> Your instructions:
This task asks for the lines from the one with "Stormy Serenity: A" to the final line below, repeated exactly, with pictures omitted.

> Exercise material:
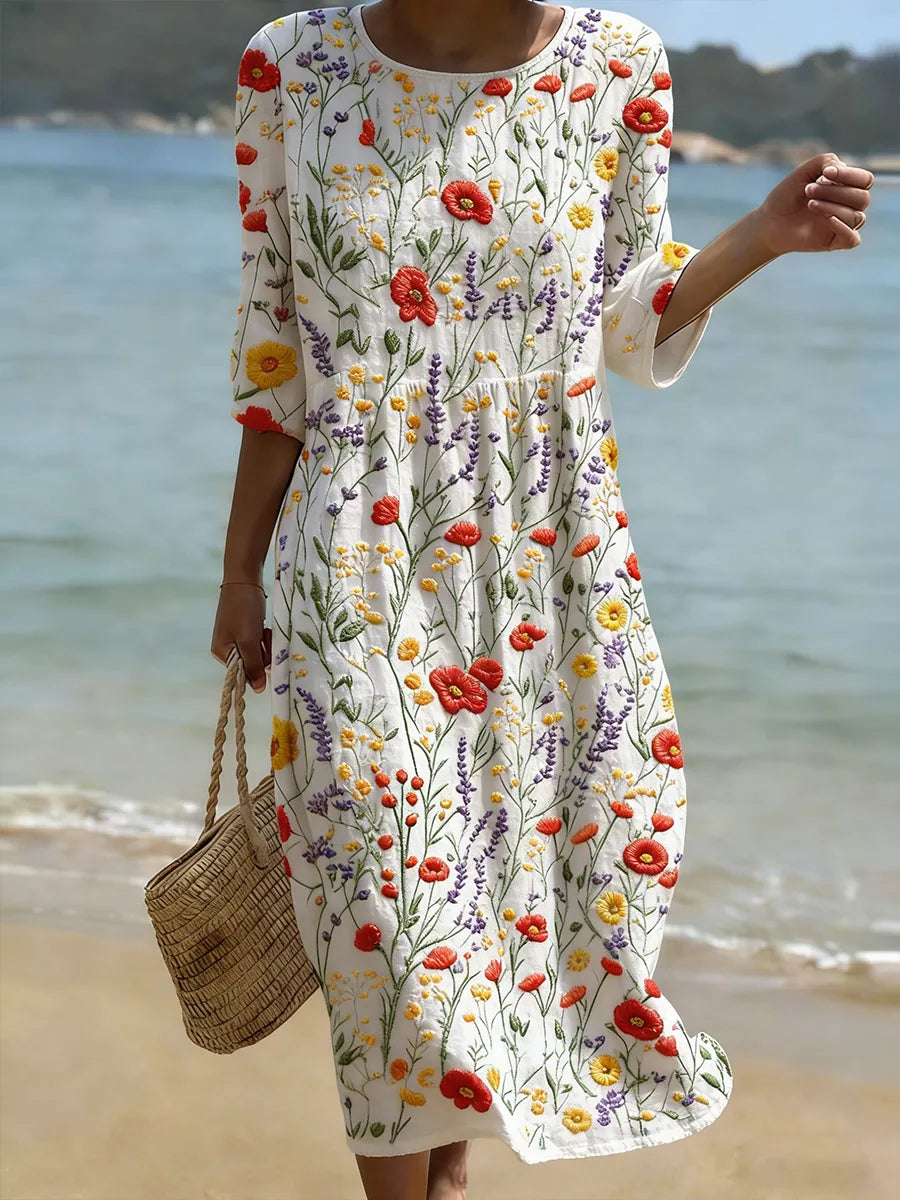 Wrenley - Vestido midi vaporoso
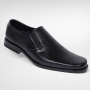 Pantofi bărbați negri din piele naturală slip-on cu textură fină PB2265ELN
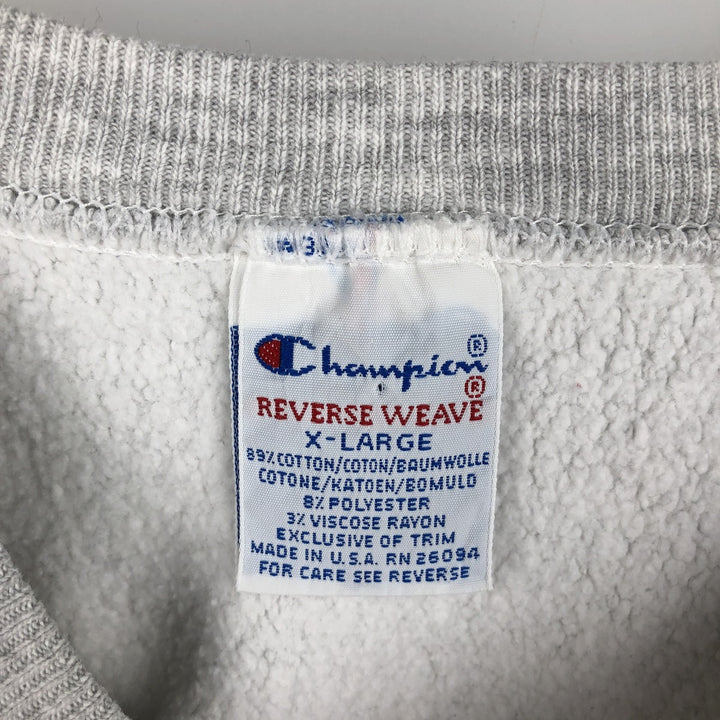 90'S Champion Reverse Weave Embroidered Tag Printed Sweatshirt Trainer Made in USA Men's XL Vintage cotton gray type Vintage Second Hand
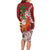 Polynesian Family Matching Long Sleeve Bodycon Dress and Hawaiian Shirt Tropical Santa - Plumeria Red Vintage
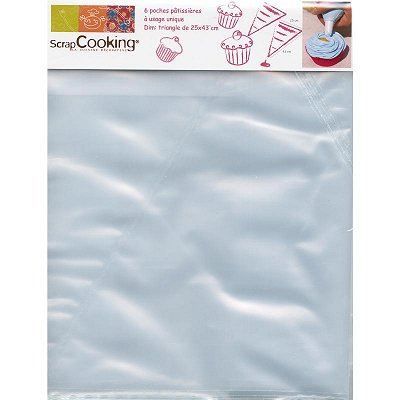 Poches à douilles à usage unique - SCRAPCOOKING - Lot de 6 - Plastique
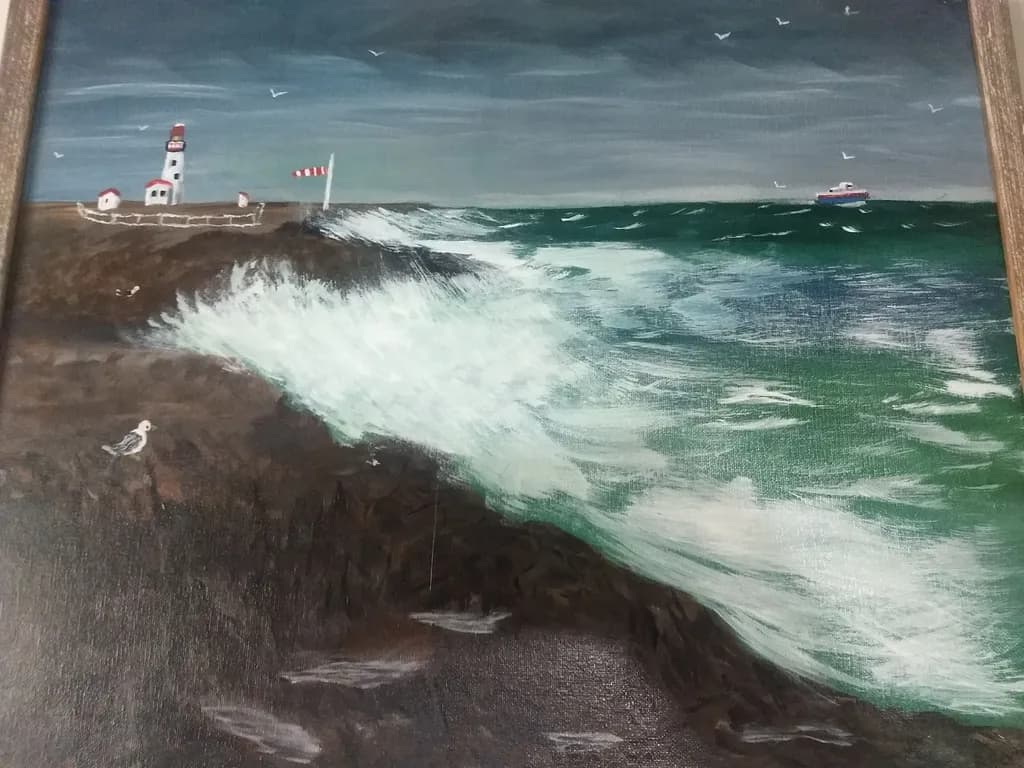 Stormy Serenity: A Lighthouse Amidst the Ocean's Fury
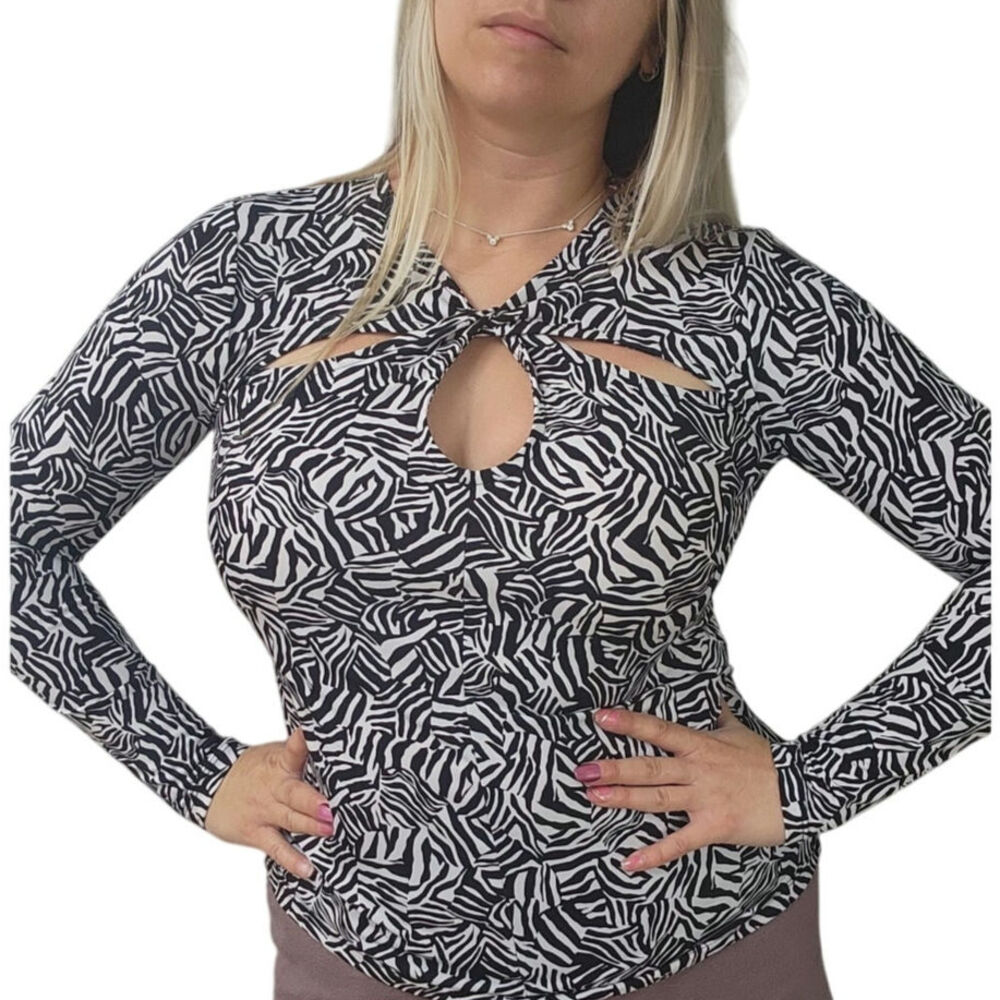 Michael Kors slinky Top stretch long sleeve white black zebra size S NWT cut out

> Your solution:
 Stormy Serenity: A Lighthouse Amidst the Ocean's Fury
 Michael Kors slinky Top stretch long sleeve white black zebra size S NWT cut out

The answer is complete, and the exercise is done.